Este não ficará para a
história, mesmo que se ameace que a história dele se vá recordar. Trump
perdeu uma grande oportunidade: não revelou a mínima preparação, não
traduziu a mais leve preocupação com a sistematização, muito menos
trouxe para o palco de Washington um aceno de um programa substancial e
organizado de mandato. Trump exibiu até uma certa indigência na
formalidade do acto, como que ostentando subrepticiamente um menosprezo
pelas instituições da democracia, bem como pelos seus ritos e
procedimentos, substituídos pelos seus próprios maneirismos, tiques e
desabafos de propaganda.
Em tudo o mais, equiparou o acto a mais um
discurso de campanha, com frases e formulações feitas de retórica, que
mais não fizeram do que confirmar uma personalidade (ou um culto da sua
própria) e um estilo desviante (e desviado), feito da vontade de isolar e
concentrar. E uma estratégia (?) que está aparentemente em contradição
com o ordenamento mundial criado após a II Guerra Mundial e os
equilíbrios de poder geoestratégico que permitiram prevenir conflitos à
escala universal nestes últimos 70 anos. O que significará desgastar e
acabar lentamente com as alianças políticas e militares permanentes no
Ocidente (o atlantismo ancorado na NATO) e na Ásia (Japão e Coreia do
Sul, em concluio com a presença americana no Pacífico), com os acordos
de comércio livre, com os progressos de Obama na estabilização de
relações “perdidas” (Irão, Cuba, até a China), com a intervenção
reguladora dos conflitos “eternos” (orientando Israel, nomeadamente),
com a desistência do apoio e concertação com a União Europeia, com o
desinvestimento na actuação da ONU. Será assim? Com a China já ali à
espreita para ocupar o lugar da potência dominante, hasteando a bandeira
da cooperação? Com a Rússia desesperada por concretizar uma espécie de
anexação da Europa sem crédito e esburacada e aniquilar a frente de
resistência aberta por Merkel?
Desde a posse, passar da retórica à prática significou para Trump
exibir na Sala Oval e nas primeiras aparições públicas e institucionais o
cumprimento das suas promessas, desde o princípio do fim do “Obamacare”

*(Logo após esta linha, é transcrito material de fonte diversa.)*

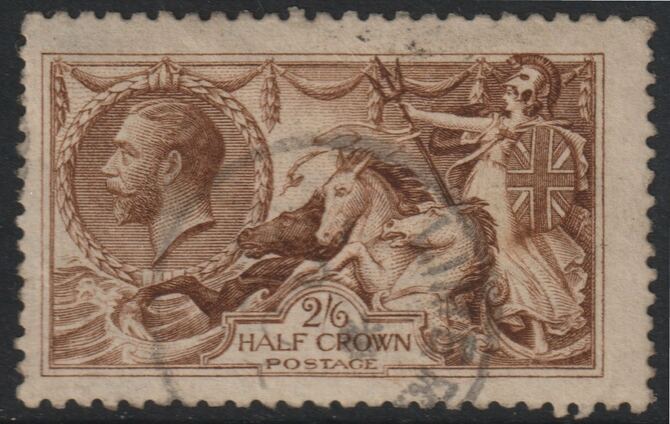 Great Britain 1915 Seahorse 2s6d yellow-brown by De La Rue well centred with good perfs and light parcel cancel SG 406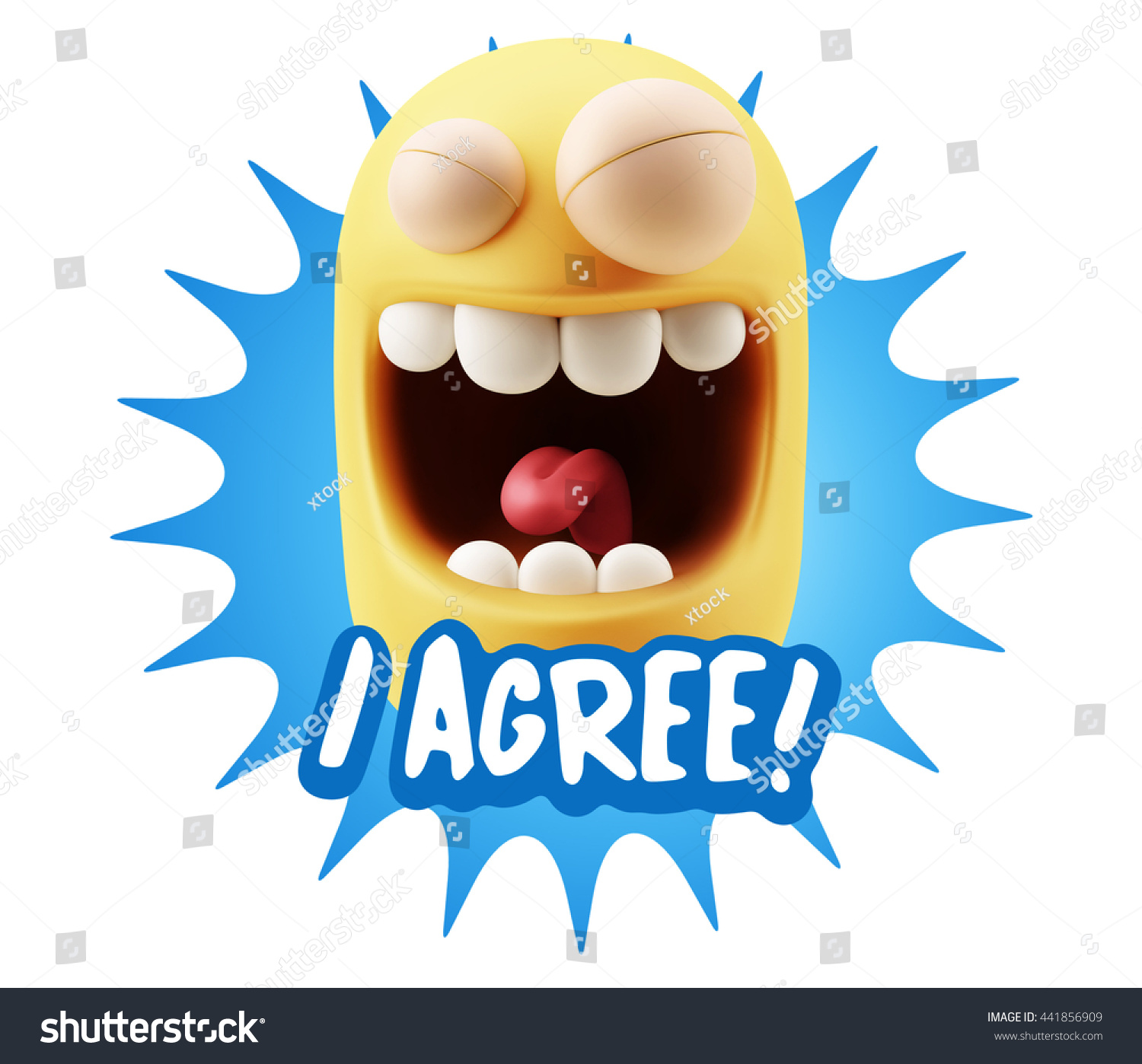 3d Illustration Laughing Character Emoji Expression Stock Illustration ...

até à compatibilização com os interesses das petrolíferas e da
indústria do armamento (para arrasar os terrorismos religiosos), sem
esquecer a directiva para construir o muro com o México.
Uma espécie de
confirmação de que as ameaças mais fracturantes são para se cumprir à
primeira oportunidade, sem espera pelo compromisso e pelo consenso.
Autoritarismo puro, caucionado por regras de democracia formal.
Populismo económico, legitimado pelo isolacionismo para com os que não
interessam e outorgado pelo interesse para com as potências emergentes e
reemergentes. Ameaça gratuita sobre a imigração e a abertura aos
refugiados. E rapidamente se sublevou a esperança dos cépticos,
adversários e manifestantes de rua de que algum escândalo passado possa
submergir – na cama ou nos negócios – ou que o voluntarismo e a
inexperiência de Trump se precipitem em alguma violação da Constituição.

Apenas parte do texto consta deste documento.